Wie Sie sehen, braucht man also gar keine Daten anzugeben, denn man sieht das den Ferngläsern ja schon äußerlich an. Der Unterschied zwischen den einzelnen Dachkantferngläsern ist bis auf wenige Ausnahmen (z.B. 8x56) zu gering, um ihn als Unterschied im räumlichen Bildeindruck wiederzufinden. Und gleiches gilt beim Vergleich von Porroferngläsern untereinander. Man kann also mit fast immer zutreffender Gültigkeit sagen: Der räumliche Bildeindruck eines Porrofernglases ist etwa doppelt so groß wie der von Dachkantferngläsern.
Jetzt möchte ich allerdings auf eine zweite Konsequenz unterschiedlicher Objektivachsenabstände hinweisen: Bei vergrößertem Abstand im Vergleich zum Abstand der Augenachsen, also zur sog. „Augenweite“, ergibt sich ein Effekt, der als „Liliputismus“ bezeichnet wird. Der Name sagt schon, was man sich darunter vorzustellen hat, nämlich eine scheinbare Miniaturisierung des betrachteten Gegenstandes. Sie haben den Eindruck, daß Sie ein verkleinertes Modell der Landschaft betrachten. Man kann das geometrisch genau erklären, was aber hier zu weit führte, auch weil dazu Zeichnungen gehörten. Die Ursache ist, um allen, die das selbst weiterverfolgen wollen, einen Hinweis zu geben, daß die Augenachsen beim Fixieren auf einen nicht im Unendlichen liegenden Gegenstandspunkt erheblich stärker konvergieren müssen als bei einer kleineren Stereobasis. Da die als Vergenz bezeichnete Winkelstellung (in diesem Falle die Konvergenz) der Augenachsen im Gehirn mitbenutzt wird, um eine Vorstellung von der Lage des betrachteten Gegenstandes im Raum zu bekommen, nimmt man den Gegenstand als „näher“ wahr. Da jedoch der Winkel, unter dem man eine bestimmte Gegenstandsgröße sieht, davon unberührt bleibt, muß man sich logischerweise den betrachteten Gegenstand sowohl näher als auch dazu proportional kleiner vorstellen.

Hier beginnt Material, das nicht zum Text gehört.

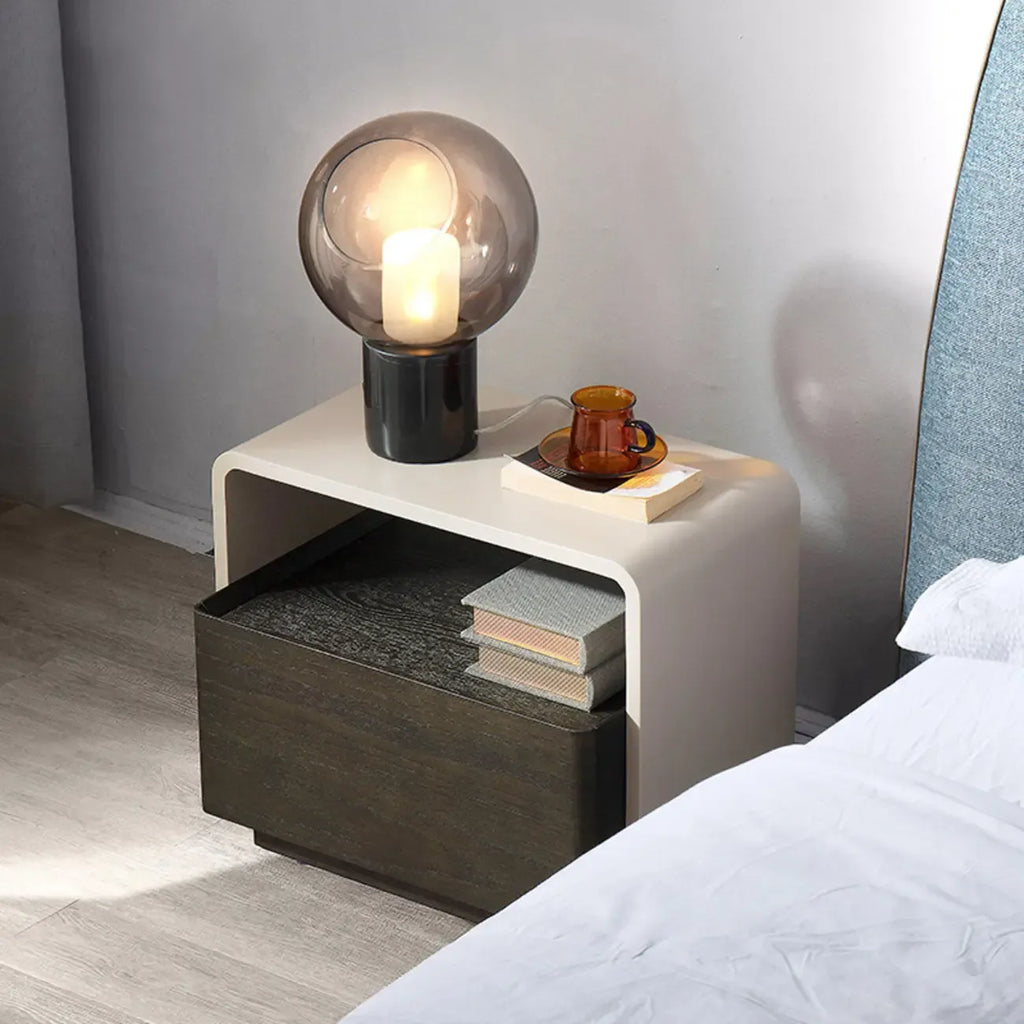 Table de chevet élégante en bois composite avec étagère et tiroir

Um die praktische Konsequenz bei Ferngläsern zu sehen, sollten Sie mal je ein Porro- und Dachkantfernglas gleicher Vergrößerung nehmen und vergleichen: Sie sehen die Tiefenstaffelung durchs Porrofernglas etwa im Entfernungsbereich zwischen 4 m und 100 m bis max. 200 m (darüber ist der Konvergenzwinkel für eine Tiefenwahrnehmung schon zu klein) deutlicher, aber zugleich haben Sie den aus dem Liliputismus resultierenden Eindruck, daß das Porroglas etwas weniger stark vergrößert als das Dachkantglas.